February 25 Movement
- Founded: February 2011
- Founder: Anonymous activists
- Type: Pressure group Political group
- Focus: Democracy Social justice Free and fair election Nonviolence
- Region served: Mauritania
- Method: Civil resistance
- Website: Homepage

= February 25th Movement =

Political movement in Mauritania

The February 25th Movement is a Mauritanian youth group, named after the date of the beginning of Mauritania's protests, and led by anonymous individuals who organise protests chiefly via new-media sites. The group also tries to attract members through more direct means, such as by distributing leaflets and posters.

==History==
The first opposition structure to emerge was the February 25 Coordinating Body, but this group fell apart due to internal tensions and disagreements, in part brought on by a desire of some members of the group to enter into dialogue with the government of President Aziz. This was condemned by the majority of the group's membership, who saw the move as a betrayal of the still relatively young opposition movement. Following the group's dissolution, a new group was formed under the title of the 25 February Youth Coalition. This group was successfully able to attract a large amount of support amongst the Mauritanian youth. Following government repression against the group, a new group named the February 25th Movement was formed.

==Demands==
The movement has also published a list of 28 grievances, including both political and economic problems.
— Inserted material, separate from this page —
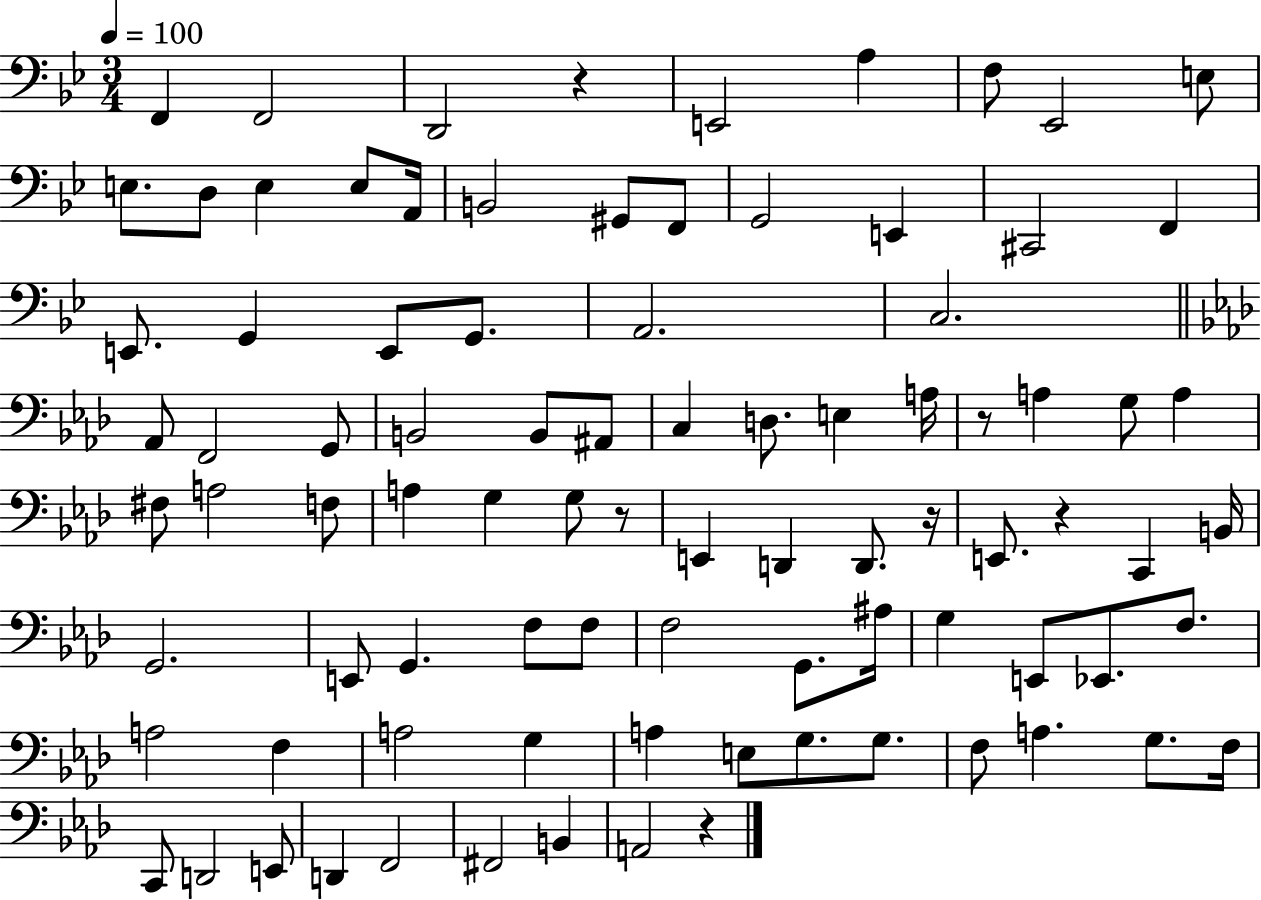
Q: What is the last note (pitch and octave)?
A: A2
The group's demands include; the removal of the military from Mauritanian politics, the elimination of institutional racism, better rights for women, reformation of the country's education system, an end to the endemic corruption within government, the strengthening of Mauritanian civil society, and revamping Mauritania's foreign policy so that it better represents the interests of its citizens.
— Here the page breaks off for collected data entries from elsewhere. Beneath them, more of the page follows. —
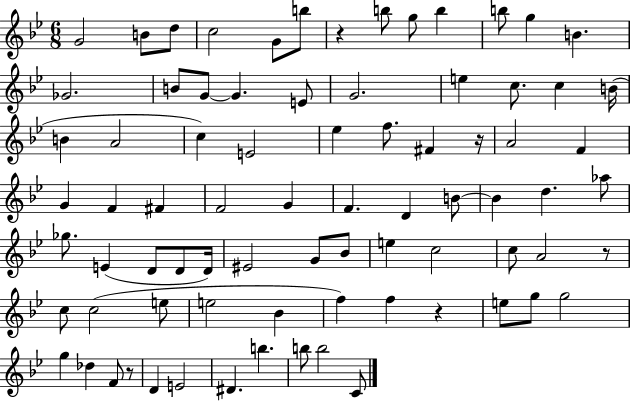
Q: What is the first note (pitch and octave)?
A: G4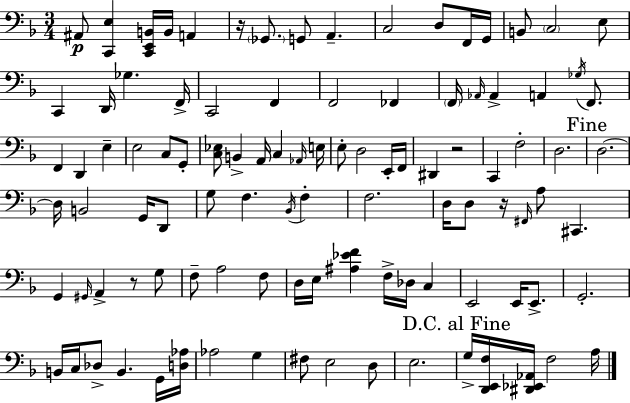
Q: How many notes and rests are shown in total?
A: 102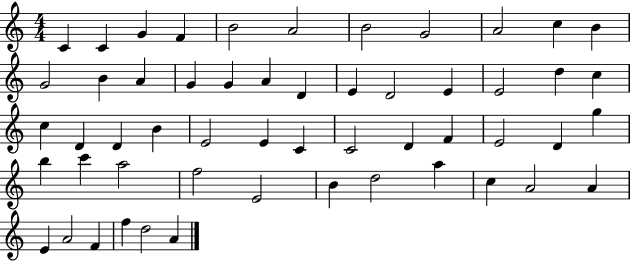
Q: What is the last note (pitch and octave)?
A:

==Relationships with other opposition groups==
The movement has attempted to link up with other Mauritanian protest movements including the Coordination of the Democratic Opposition, the Don’t Touch my Nationality movement, and IRA-Mauritania.

==Criticisms==
The group has been criticized due to its lack of diversity, with most of the group's members and activists being Arabs, and therefore unrepresentative of wider Mauritanian society which is composed of Arabs, Afro-Arabs, and Blacks.